Last updated: June 12, 2026

Most of the work in Figma happens because undo lets you try something and back out of it a second later. The shortcut is muscle memory for anyone who designs all day, and Figma layers a few recovery tools on top of it for the moments when a single undo is not going to cut it. Here is how each one works and when to reach for it.

Undo your last action

Press Ctrl + Z on Windows or Cmd + Z on Mac. Each press steps back one action, so holding the keys and tapping them walks you backward through everything you have done in this session. The same command lives under Edit > Undo in the menu bar if you would rather click than type.

  1. Select nothing in particular, just make sure the canvas has focus.
  2. Press Ctrl + Z (Windows) or Cmd + Z (Mac).
  3. Keep tapping Z while holding the modifier to undo several actions in a row.

Redo what you just undid

Went one step too far back? Redo with Ctrl + Shift + Z on Windows or Cmd + Shift + Z on Mac. Undo and redo move along the same chain of actions, which means you can rock back and forth between two states until the canvas matches what you had in mind. You will also find Redo in the Edit menu next to Undo.

When undo runs out: Version History

Undo only reaches back through your current editing session. Close the file or come back the next morning and that chain resets, so the older states you might want are no longer one keypress away. Version History is where they live instead. Figma keeps automatic snapshots of the file as you work, and you can open them, look around, and bring an old one back.

Open Version History

  1. Open the file you want to recover work in.
  2. Go to the main menu in the top left, then choose File > Show version history.
  3. A timeline opens on the right side of the screen. Click any entry to preview the file exactly as it looked at that moment.

Previewing an old version does not change your current file. You are looking at a read-only copy until you decide to do something with it.

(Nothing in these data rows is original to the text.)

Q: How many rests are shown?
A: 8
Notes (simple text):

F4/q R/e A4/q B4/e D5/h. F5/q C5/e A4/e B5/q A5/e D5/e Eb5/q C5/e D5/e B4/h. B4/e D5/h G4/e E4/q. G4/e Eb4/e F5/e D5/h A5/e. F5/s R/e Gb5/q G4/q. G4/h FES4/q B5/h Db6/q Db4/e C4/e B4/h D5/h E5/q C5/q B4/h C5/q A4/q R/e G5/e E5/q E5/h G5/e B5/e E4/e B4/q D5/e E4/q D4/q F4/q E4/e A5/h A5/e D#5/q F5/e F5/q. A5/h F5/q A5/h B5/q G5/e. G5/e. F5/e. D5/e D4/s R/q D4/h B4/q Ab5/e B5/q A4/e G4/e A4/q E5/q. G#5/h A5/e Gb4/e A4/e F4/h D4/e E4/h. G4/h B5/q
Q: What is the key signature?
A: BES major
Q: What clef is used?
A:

Restore or branch from an old version

Once you have found the version you want, hover over its entry in the timeline and open the options. Restore this version rolls the whole file back to that point and keeps everything that came after as later history, so nothing is actually thrown away. If you only want a few elements from the past, open the old version, copy what you need, and paste it back into the current file.

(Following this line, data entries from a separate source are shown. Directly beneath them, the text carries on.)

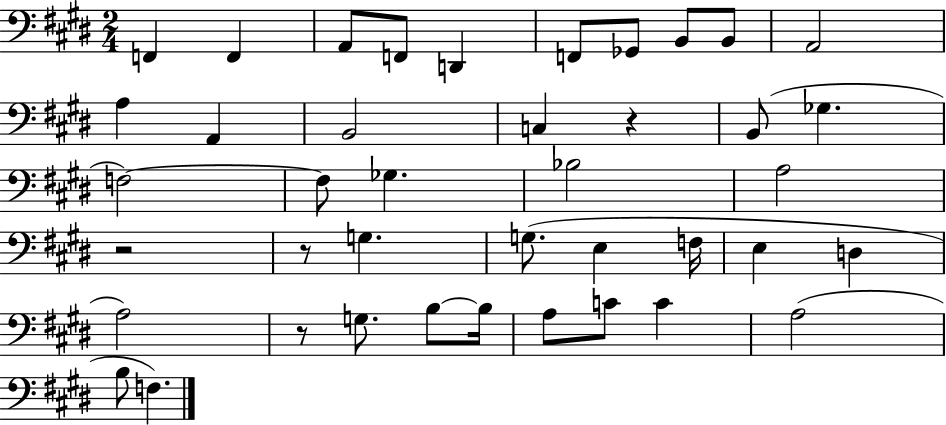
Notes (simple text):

F2/q F2/q A2/e F2/e D2/q F2/e Gb2/e B2/e B2/e A2/h A3/q A2/q B2/h C3/q R/q B2/e Gb3/q. F3/h F3/e Gb3/q. Bb3/h A3/h R/h R/e G3/q. G3/e. E3/q F3/s E3/q D3/q A3/h R/e G3/e. B3/e B3/s A3/e C4/e C4/q A3/h B3/e F3/q.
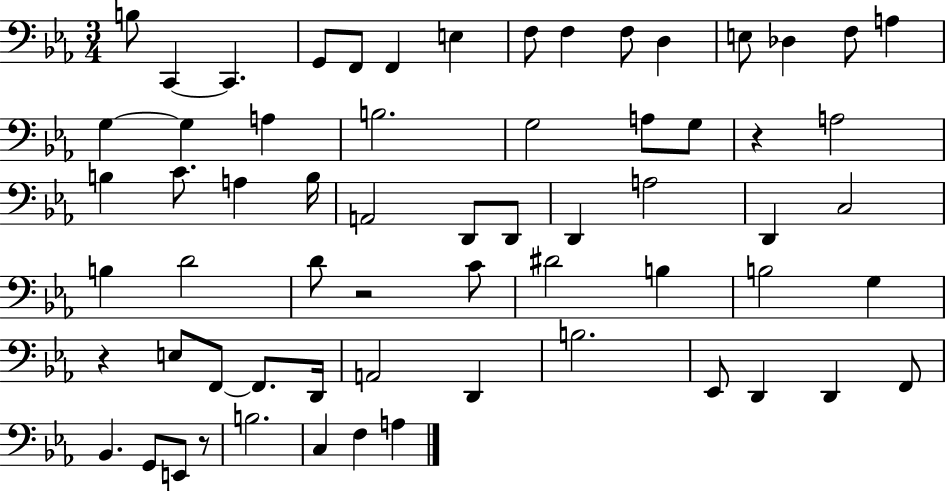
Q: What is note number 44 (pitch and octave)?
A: F2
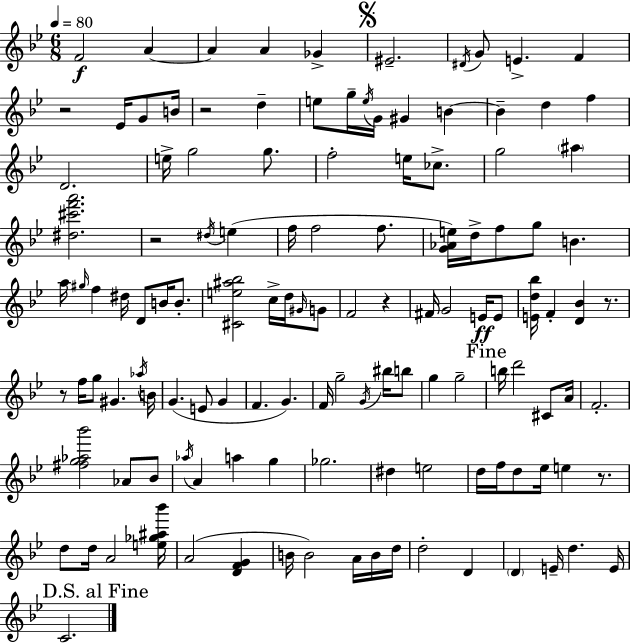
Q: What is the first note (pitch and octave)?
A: F4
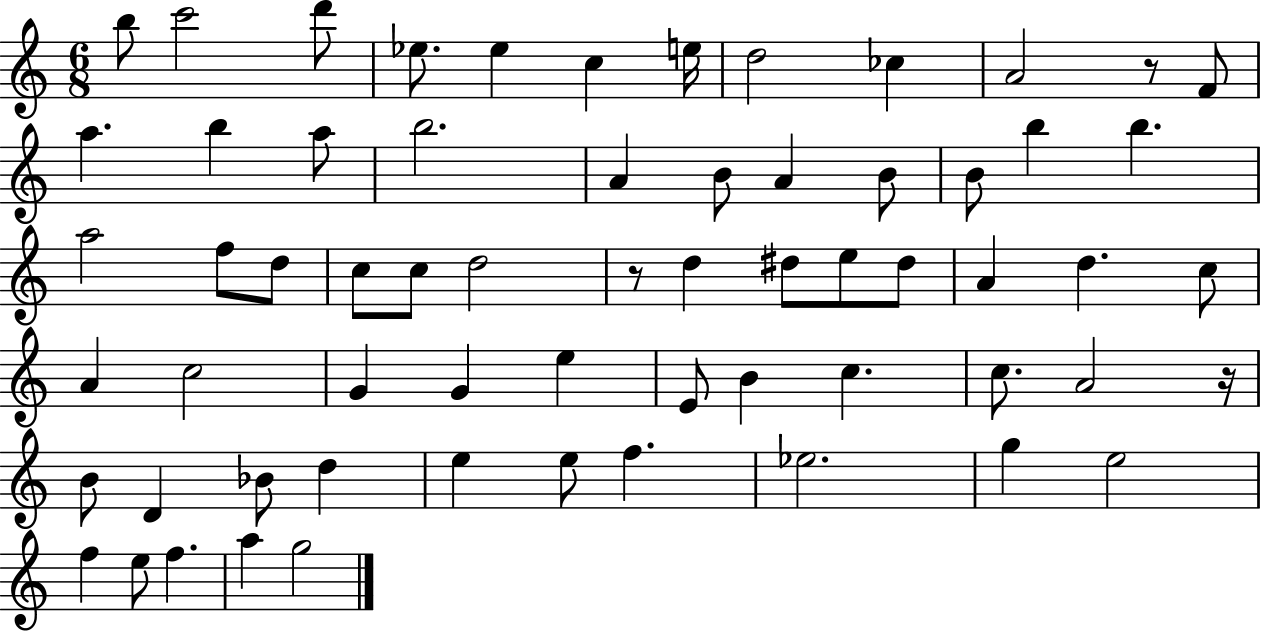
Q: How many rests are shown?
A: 3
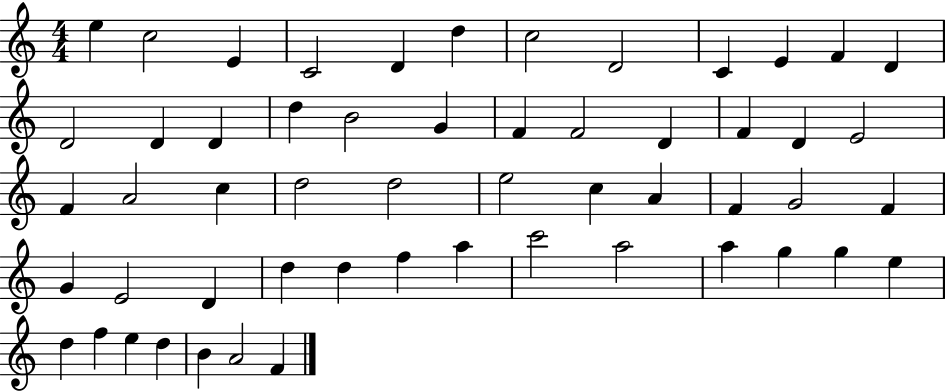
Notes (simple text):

E5/q C5/h E4/q C4/h D4/q D5/q C5/h D4/h C4/q E4/q F4/q D4/q D4/h D4/q D4/q D5/q B4/h G4/q F4/q F4/h D4/q F4/q D4/q E4/h F4/q A4/h C5/q D5/h D5/h E5/h C5/q A4/q F4/q G4/h F4/q G4/q E4/h D4/q D5/q D5/q F5/q A5/q C6/h A5/h A5/q G5/q G5/q E5/q D5/q F5/q E5/q D5/q B4/q A4/h F4/q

Name versions at the points that matter

Scrubbing through dozens of automatic snapshots to find the one good state is slow. Naming a version before a big change gives you a labeled bookmark to jump straight to.

  1. Reach a state you are happy with, such as a finished first draft or a client-approved screen.
  2. Open the main menu and choose File > Save to version history.
  3. Type a short, clear name like Before redesign or v1 sent to client and save.

Named versions show up in bold in the timeline, which makes them easy to spot among the automatic ones. The whole thing takes about ten seconds and it is worth doing at any milestone you would hate to lose.

A word on autosave

Figma saves continuously in the background, so there is no Save button to forget and no separate file to lose. Your work syncs to the cloud as you go. That covers crashes and closed laptops, but it does not protect you from a change you made on purpose and later regret, which is exactly the gap Version History fills.

Undo in a shared file

Undo only walks back your own recent actions, not the edits your teammates are making at the same time. If someone else changed something that needs reverting, undo will not touch it. Use Version History instead and roll the file back to a snapshot from before the change. Tell the room first, since restoring affects the file for everyone.

Takeaways

  • Ctrl + Z / Cmd + Z to undo, Ctrl + Shift + Z / Cmd + Shift + Z to redo. These cover most of your work.
  • Undo only spans the current session. For anything older, go to File > Show version history.
  • Save a named version at every milestone so you have a clean point to return to.
  • Autosave protects you from crashes, not from regret. Version History covers the rest.